When I ask investigators or analysts what technology improvements they would most appreciate, invariably one of their top requests is “to get answers to their questions faster.” This has always struck me as funny. What if the question being asked today is not a smart question until next Thursday? How can we expect analysts to ask every smart question every day? In short, this is kind of like climbing a tree to get to the moon. You can always inch further up, but how is that really going to get you where you need to go?
Systems that produce different answers based on the order of events lack a property I refer to as “Sequence Neutrality”. Sequence neutrality means regardless of the order in which data or queries occur, the end-state, once all data points are known, is the same. Sequence neutrality prevents systems from having to ask every smart question every day.
Here’s an example. Today when a bank searches for “Billy the Kid” the answer will depend on whether such a record existed first.

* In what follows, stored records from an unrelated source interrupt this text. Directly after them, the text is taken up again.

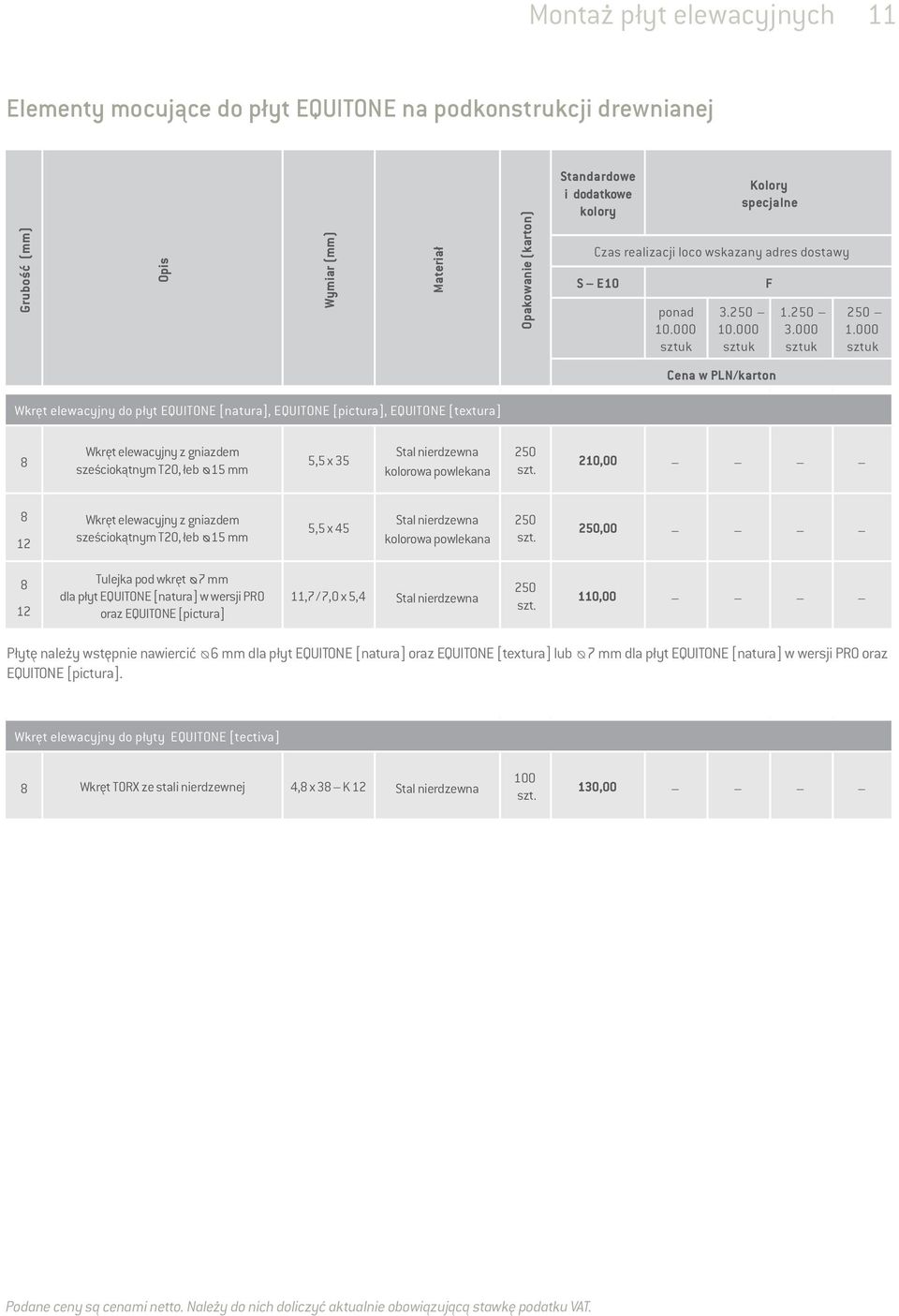 000 Cena w PLN/karton Wkręt elewacyjny do płyt EQUITONE [natura], EQUITONE [pictura], EQUITONE [textura] 8 Wkręt elewacyjny z gniazdem sześciokątnym T20, łeb 15 mm 5,5 x 35 Stal nierdzewna kolorowa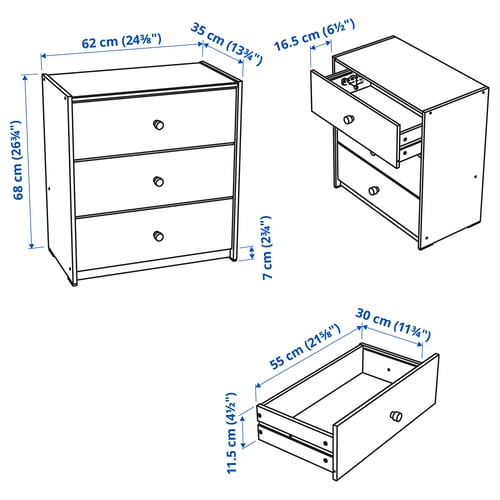 Illustration with measurements for the product: RAST.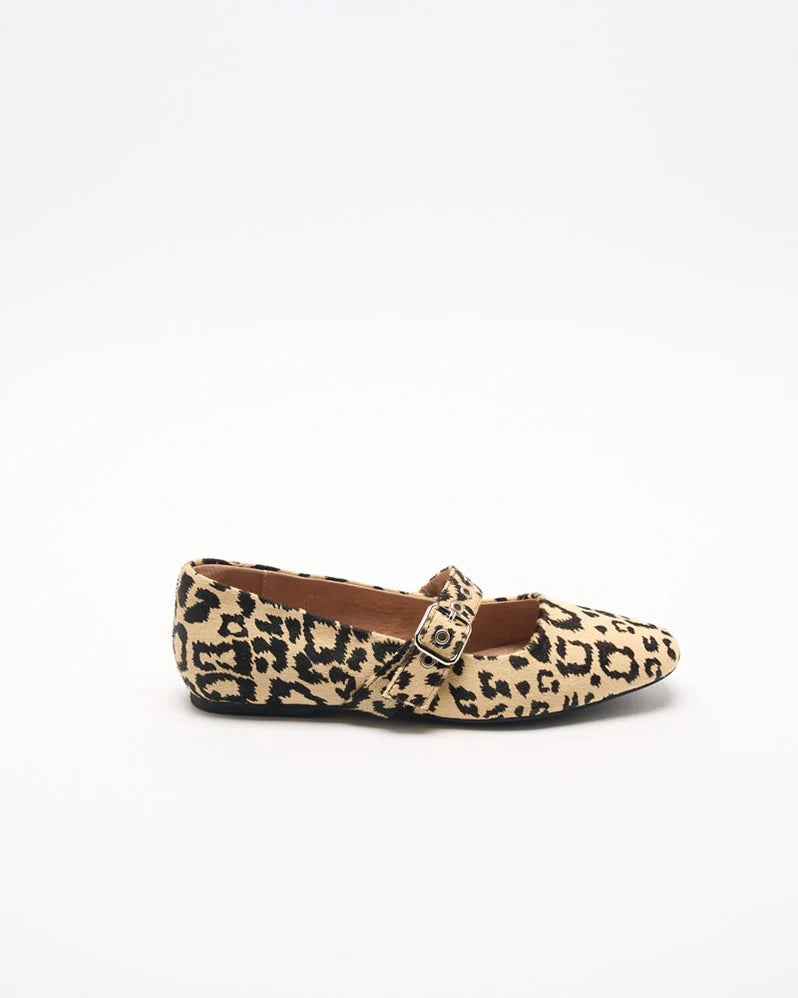 Walnut - Bianca Leather Ballet Shoe - Beige Leopard
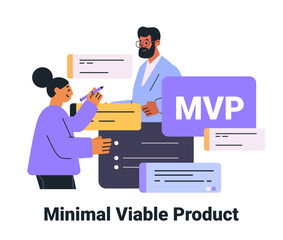 Poster - minimal viable product concept teamwork characters collaborating colorful elements abstract design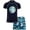 Dark Navy Beach, variant on Body Glove Boys' Rash Guard Set - UPF 50+ Short Sleeve Swim Shirt and Bathing Suit Trunks - Swimwear Set for Boys (4-12)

However, with sequence neutrality the moment “Billy the Kid” opens a bank account, regardless of when that occurs, the user making the original query can be notified. Furthermore, months later if “Billy the Kid” is added to the OFAC list (people and organizations that financial institutions are banned from doing business with), the bank is instantly alerted.

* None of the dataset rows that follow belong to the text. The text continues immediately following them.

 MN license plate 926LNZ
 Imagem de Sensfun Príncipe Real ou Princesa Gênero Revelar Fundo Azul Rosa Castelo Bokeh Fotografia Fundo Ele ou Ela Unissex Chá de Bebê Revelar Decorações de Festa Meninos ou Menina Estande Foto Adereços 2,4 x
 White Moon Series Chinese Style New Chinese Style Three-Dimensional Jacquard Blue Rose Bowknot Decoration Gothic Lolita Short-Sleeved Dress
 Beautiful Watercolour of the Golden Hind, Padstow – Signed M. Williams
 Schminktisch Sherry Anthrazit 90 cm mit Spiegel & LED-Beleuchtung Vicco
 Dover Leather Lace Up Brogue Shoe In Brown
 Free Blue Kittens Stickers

As another example, government entities perform background checks on individuals seeking “top secret” clearances. What happens if one of the systems used to favorably qualify a person thereafter receives a record that would suggest the applicant should receive additional scrutiny—a record shows up in a registered (and public) sex offender database shortly after the person is granted a clearance. How will they learn of this new data point? One option would be for the government to ask every question every day, which obviously is impractical. So to address this scenario, the US Government performs background checks every five years. But that means that a glaring problem in the data may not be discovered until the question is asked again—potentially years later. In a system designed for sequence neutrality, the moment a relevant record comes into existence, it is published (pushed) to the relevant system or user.

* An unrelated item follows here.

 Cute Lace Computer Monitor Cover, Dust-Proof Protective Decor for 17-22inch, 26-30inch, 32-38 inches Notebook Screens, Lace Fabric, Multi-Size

When sequence neutrality is applied to information systems a very interesting effect is created: the “data finds the data.” What this means is that as each new piece of data is observed by the system, how this data relates to all previously observed data points is considered – without waiting for a user to ask a question. And while this can benefit a single system it is even more powerful when applied across heterogeneous systems. Suddenly, very interesting insight is possible.
How does a company recognize that its accounts payable manager shares the same phone number as its largest vendor (a relationship that can violate company policy if undisclosed)?
When the “data finds the data” such insight and awareness is not only possible it is fundamental and essential to create market differentiating services. Whether an organization is focused on managing customer relationships, credentialing parties, evaluating credit risk or handling investigations– with sequence neutrality built in – unusually unique and powerful possibilities emerge.